You can click on any image to dowload a PDF of the Pattern.
2 + 2 =13
The 2 + 2 =13 Pattern!
The pattern is created with 13 markers, in the shape of a giant plus sign, uses 2 participants (you and your horse) and has just too many options to be believed! This opens up so many different ways for you to play with circles, weaves, figures of 8, and more. It's like those puzzles where they ask, "How many circles can you find in this picture?" For those of you who need new ways to be creative with circles or have the kind of horse that needs variety, the 2 plus 2 = 13 Pattern is perfect!
For those of you who want lines, not circles and weaves, here's the same patern using straight lines and turns. Use the turns and corners for practicing turns on the forehand and hindquarters, walk, trot or canter between the cones, right and left turns - it's all in there! Enjoy!
The Narrow/Wide ZigZag is an excellent exercise for incorporating circles and straight lines.
It can be done at the walk or trot, freestyle or with finesse.
Start on the wide side and decrease your figure 8's to the narrow end. Or vise versa.
For online it's a fantastic moving Figure 8 Game also! Get a good Figure 8 at the narrow spot, then send to the middle one for a few Figure 8's, then to the largest one.
A few new ideas for the Weave.
This pattern - 2 rows of 4 cones
holds within it multiple patterns. Here are just a few - feel free to share if you come up with a new pattern using this Weave placement.
Do 2 figure 8s
Let your horse continue onto a circle after finishing the second figure 8
Make sure you incorporate the cones into the circle
Do 2 circles or 0s
Then after completing the 2nd circle come back to the figure 8 pattern with a change of direction
Then do one figure 8
At that point you can ask for a FLC if you are cantering.

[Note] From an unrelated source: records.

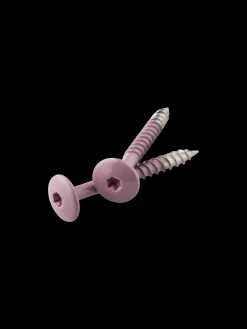 Online Søstrene Grene Schweiz WIRE CUBIC Würfelregal Grape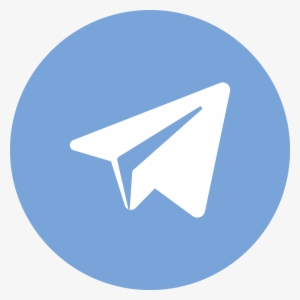 Telegram Logo Png - Gloucester Road Tube Station #2077376
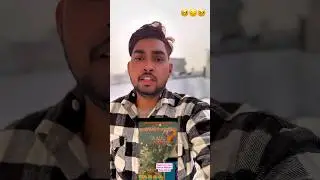 RIP doom bhai  I miss you 🥹😔🥹.  #trending #vairalvideo #rip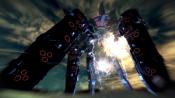 Armored Core V - Immagine 10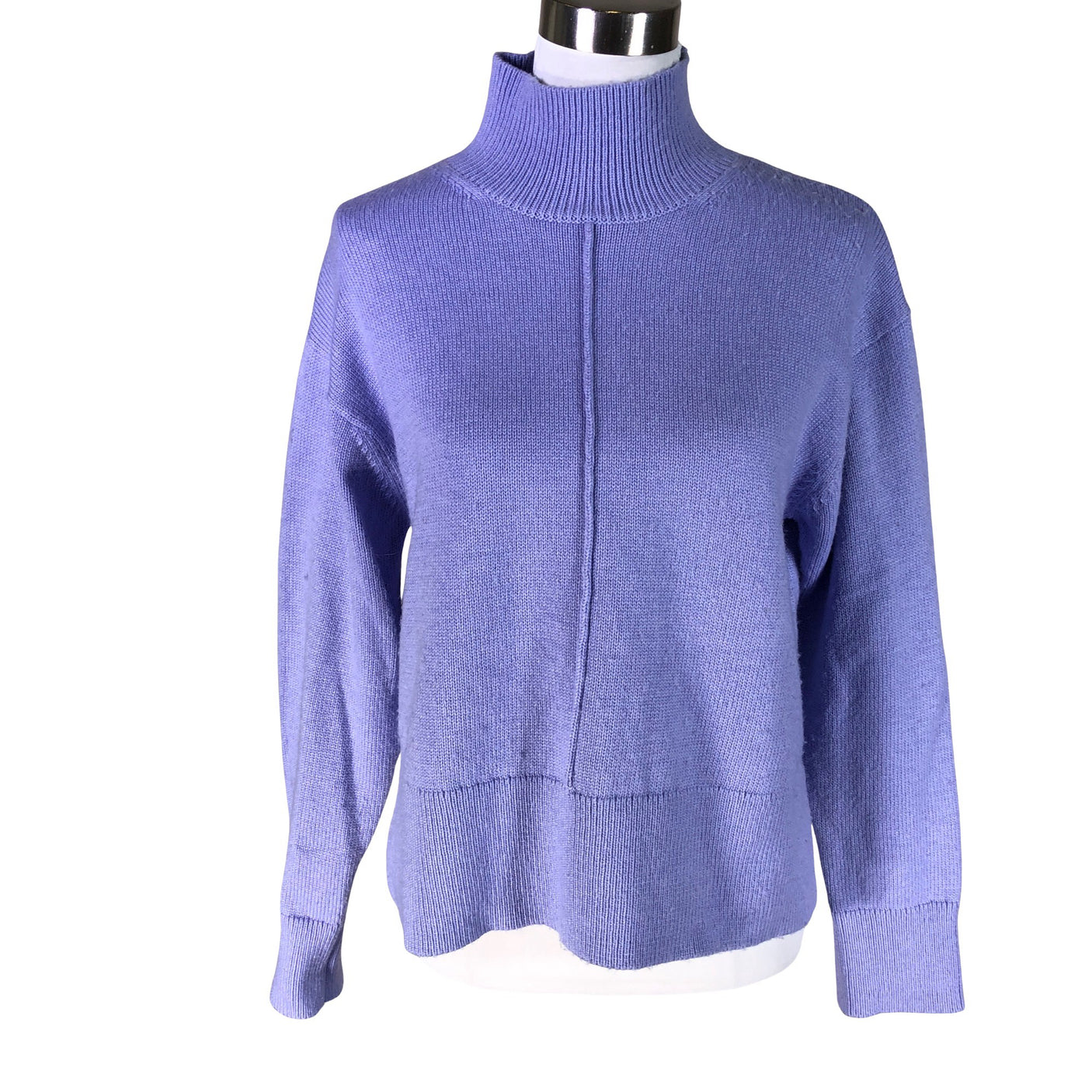 Unisex Opus - Neulepaita, koko 36 -  (1)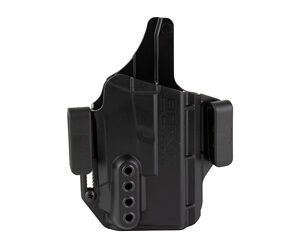 BRAVO TORSION LB FOR GLK 19 TLR7 RH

BE sure to stay in one area for all of the pattern and use correct body language for the change between the 8's and the circles. You may have to move your feet to help the horse find the correct answer or to be centered on the circle. You should not leave the "golden path".
When you do the pattern again, allow the horse to come off the figure 8 in the opposite direction to circle both ways.
The purpose of the pattern - it combines the figure 8 and circling to add variety/forward motion and it can be used to build to flying changes. Also gets the horse asking questions, "Are we doing another circle or moving to the figure 8 this time?"
SWING THE SHOULDERS - A great online game to get your horse connected to your body language. Try it on line at first, then at liberty.
In this diagram, you are walking to the left, your horse is on your right (See the little R?) along a fence.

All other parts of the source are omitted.